Redox status and antioxidant response in professional cyclists during training.

The aim of this study was to investigate whether different phases of training affect oxidative stress and antioxidant defences in professional cyclists. Ten professional cyclists, aged 21.8 ± 2.5 years, were enrolled in the study. They were classified into two groups of five athletes each one with similar nutritional intake excepting for the overload of vitamin C (1000 mg day(-1)) and E (400 mg day(-1)) supplementation in one of them. The cyclists of both groups performed the same exercise design, consisting of hard, tapering and recovery training periods. Total antioxidant capacity (TAC) of the diet, plasma oxygen radical absorption capacity (ORAC), lipid peroxidation (LPO), DNA damage (8-OHdG) and erythrocyte glutathione disulfide/glutathione ratio (GSSG:GSH(-1)) were measured. During the intense exercise trainings, the cyclists without vitamin supplements had the TAC of diet significantly lower than the supplemented group. Plasma ORAC, LPO and 8-OHdG were similar in both groups of athletes. Athletes with supplements had a basal LPO:ORAC(-1) ratio lower than that without supplements, but this ratio converged to the same level at the end of the training in both groups of cyclists. Both groups of cyclists showed similar changes in GSSG:GSH(-1) ratio and in GSSG and GSH levels along the study. The data suggest that well-trained athletes with suitable ultra-endurance training volume and intensity do not require antioxidant vitamin supplements to adapt their endogenous antioxidant defenses to exercise-induced ROS.
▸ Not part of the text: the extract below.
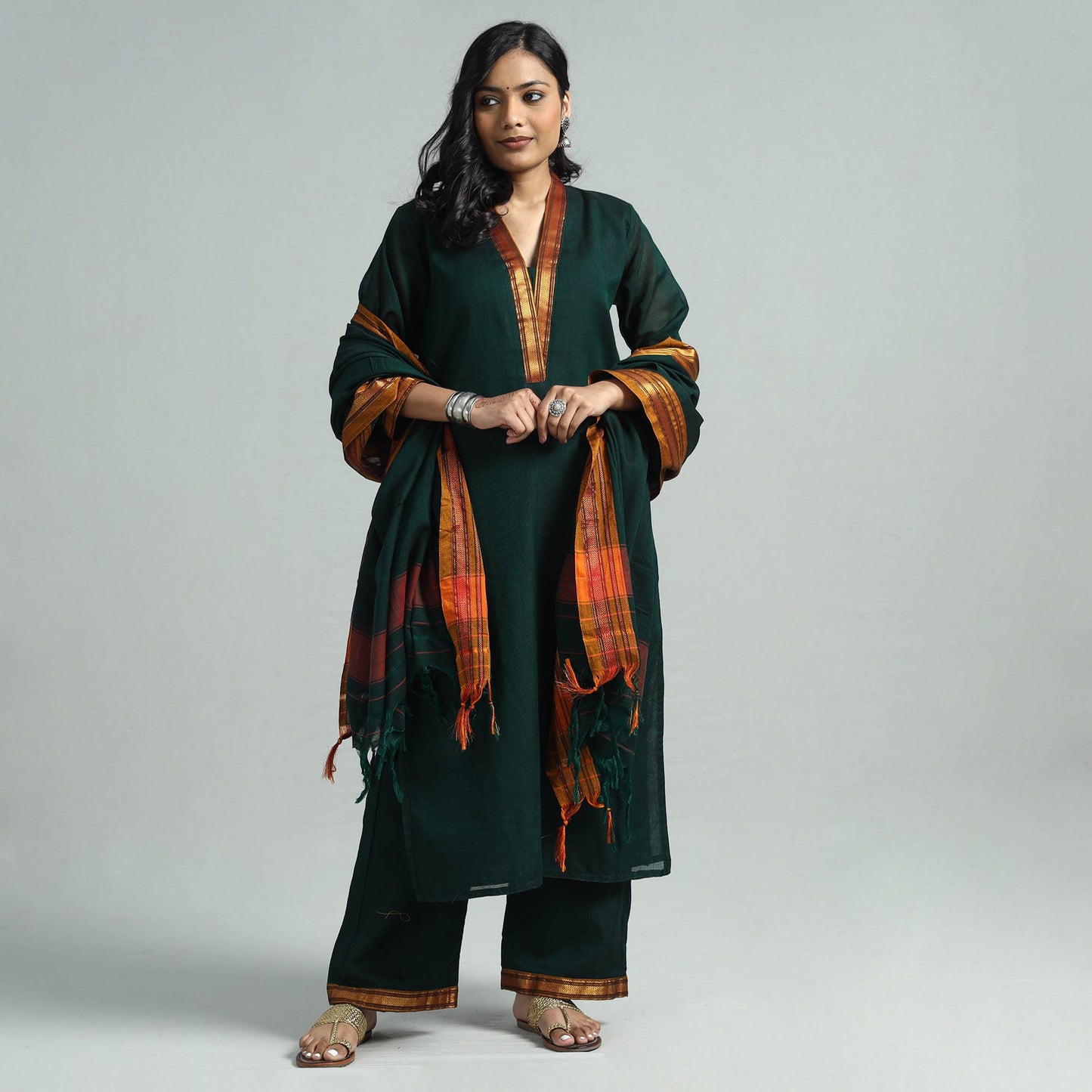 Dark Green - Dharwad Cotton Kurta with Palazzo & Dupatta Set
Changes in the redox status and inflammatory response in handball players during one-year of competition and training.

The present research was designed to evaluate the adaptive responses to oxidative stress and inflammation in handball players subjected to well-controlled training intervals over one-year of competition. Seven blood samples were collected over the season of the study, approximately one a month. Plasma lipid peroxidation, nitrite, cytokines (IL-1ß, IL-6, INFγ and TNFα), and the glutathione cycle in erythrocytes, were measured. Exercise intensity, measured with the Borg's scale, increased significantly up to the middle of the competition season, coinciding with maximal creatine kinase and lactate dehydrogenase values, and then decreased at the end of the study. The inflammatory markers including nitrite, IL-1ß, IL-6, and, to a lesser extent INFγ, increased early in the training season, and remained elevated until the end of the study. TNFα, however, remained low during the season. The oxidative stress response included a transient increase of the glutathione disulphide/glutathione ratio and glutathione reductase activity at the beginning of the study, returning to basal values somewhat later. Glutathione peroxidase also increased at the end of the training season, and lipid peroxidation levels remained low during the athletic season. These results suggest that well-trained athletes were best adapted to the oxidative response, although the beneficial effects of some of the inflammatory cytokines on skeletal muscle myogenesis and repair cannot be ruled out.